Exercise objective
Return nothing but the lines from the one with "Wholesale plumping liquid" through the one with "3577 Stonegate Place" in the data below, word for word and without pictures.

Records supplied
____
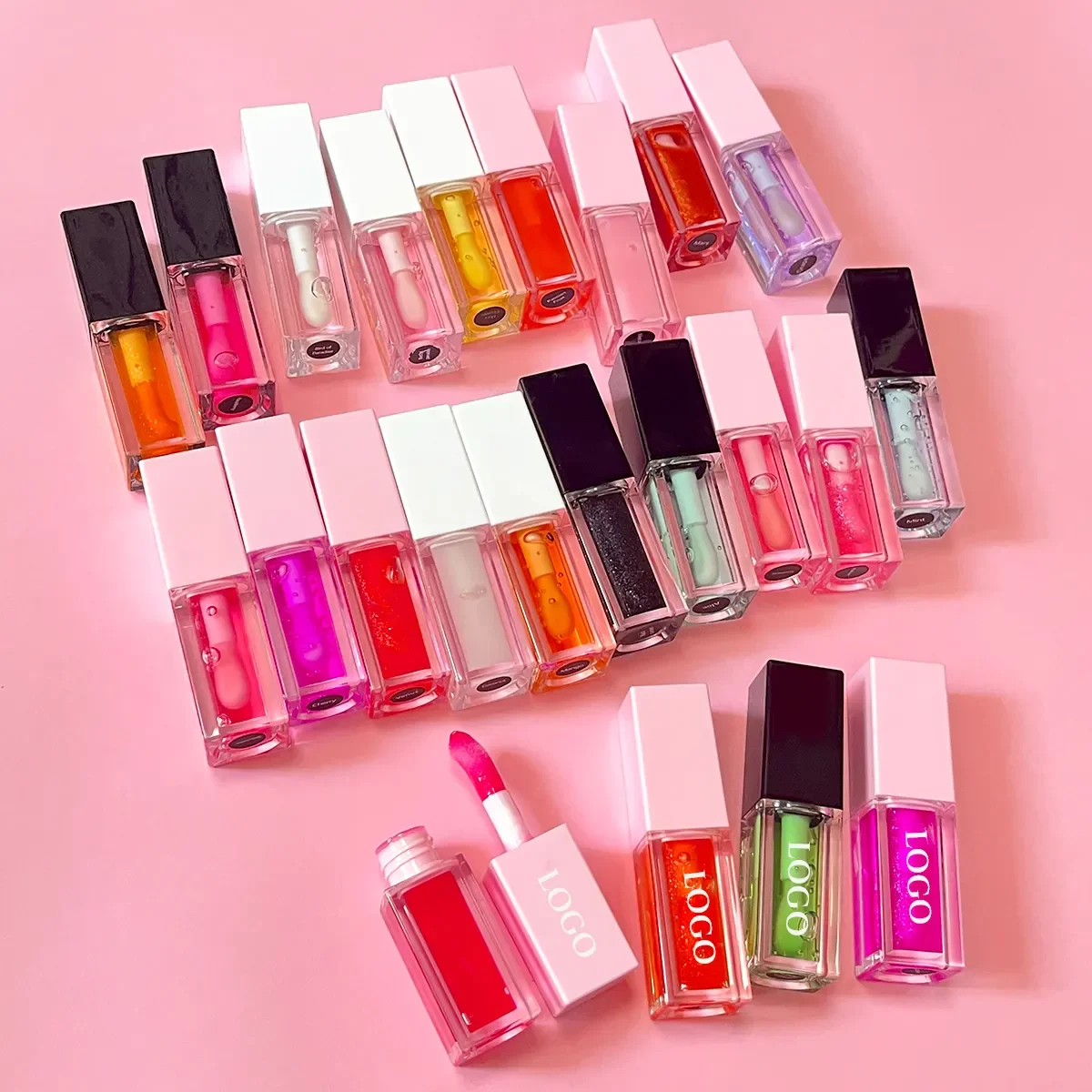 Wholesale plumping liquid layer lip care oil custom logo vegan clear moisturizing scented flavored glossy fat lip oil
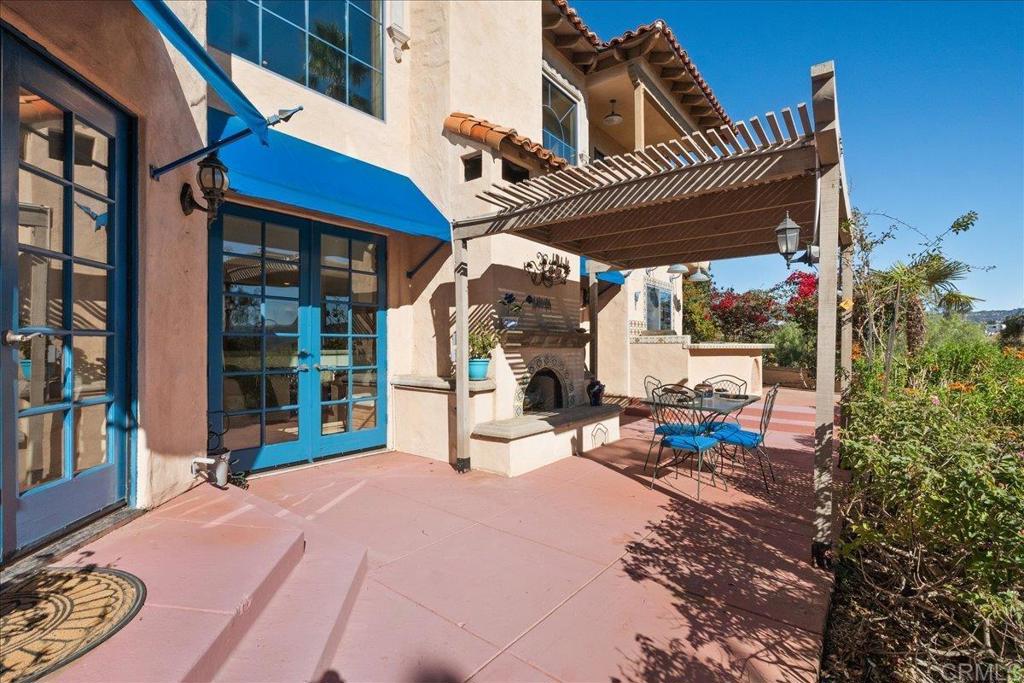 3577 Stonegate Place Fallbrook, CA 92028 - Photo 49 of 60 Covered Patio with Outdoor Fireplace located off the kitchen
____
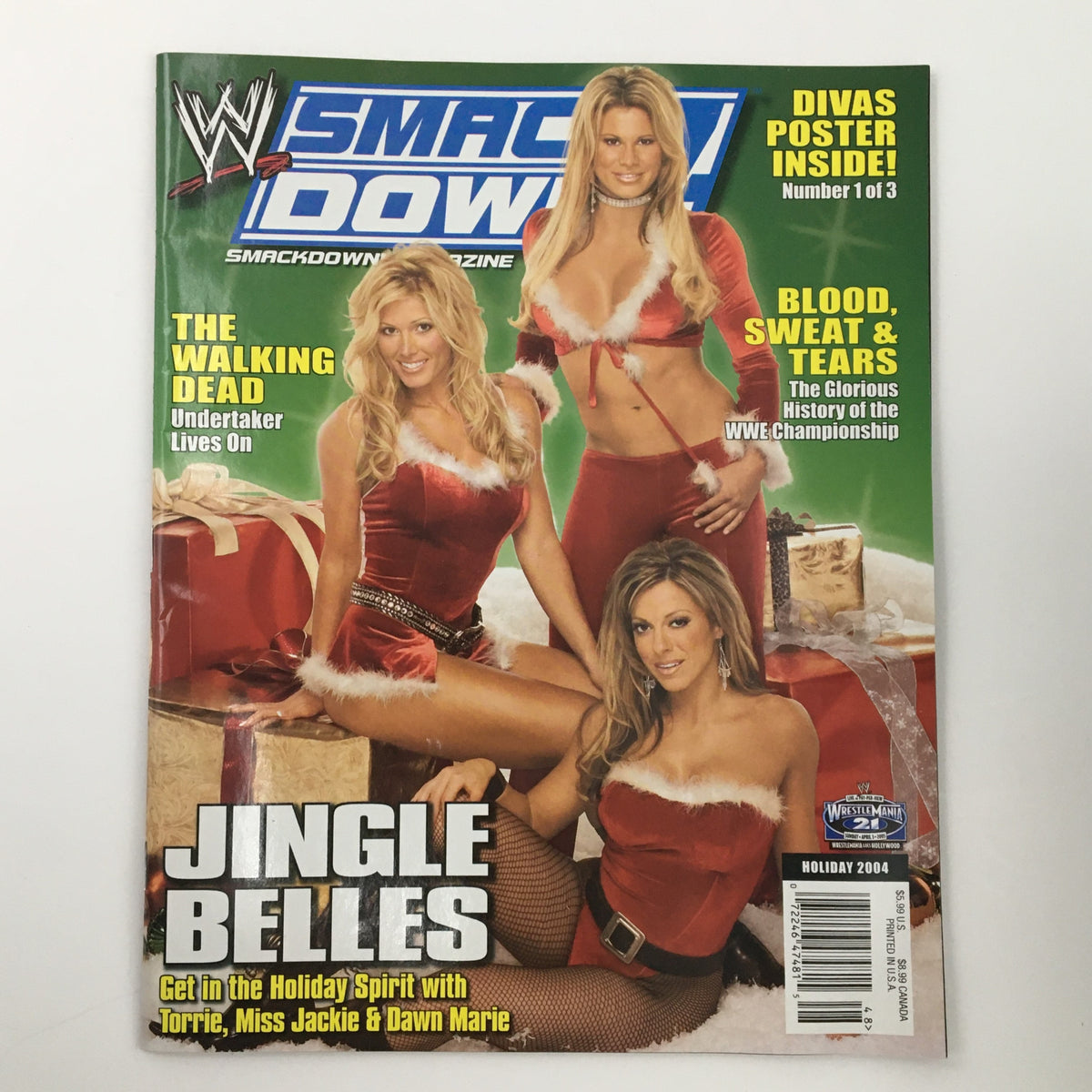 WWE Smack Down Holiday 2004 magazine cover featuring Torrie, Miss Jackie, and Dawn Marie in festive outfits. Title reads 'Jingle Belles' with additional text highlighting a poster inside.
____
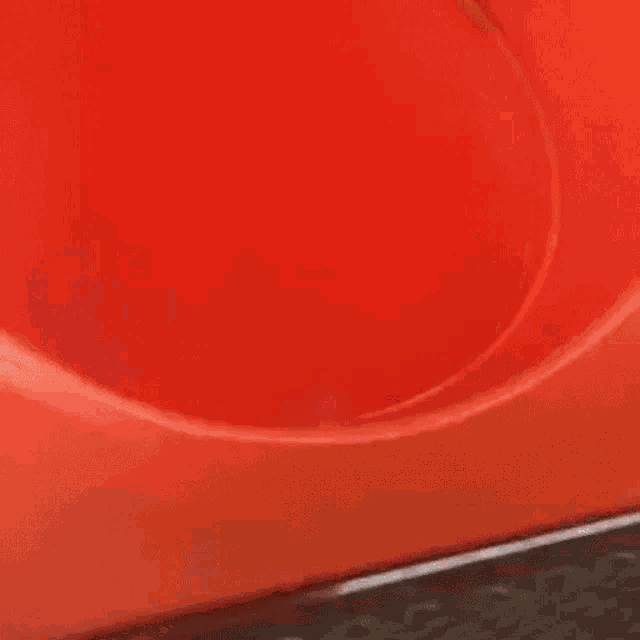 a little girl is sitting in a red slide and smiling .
____
Result of the exercise
 Wholesale plumping liquid layer lip care oil custom logo vegan clear moisturizing scented flavored glossy fat lip oil
 3577 Stonegate Place Fallbrook, CA 92028 - Photo 49 of 60 Covered Patio with Outdoor Fireplace located off the kitchen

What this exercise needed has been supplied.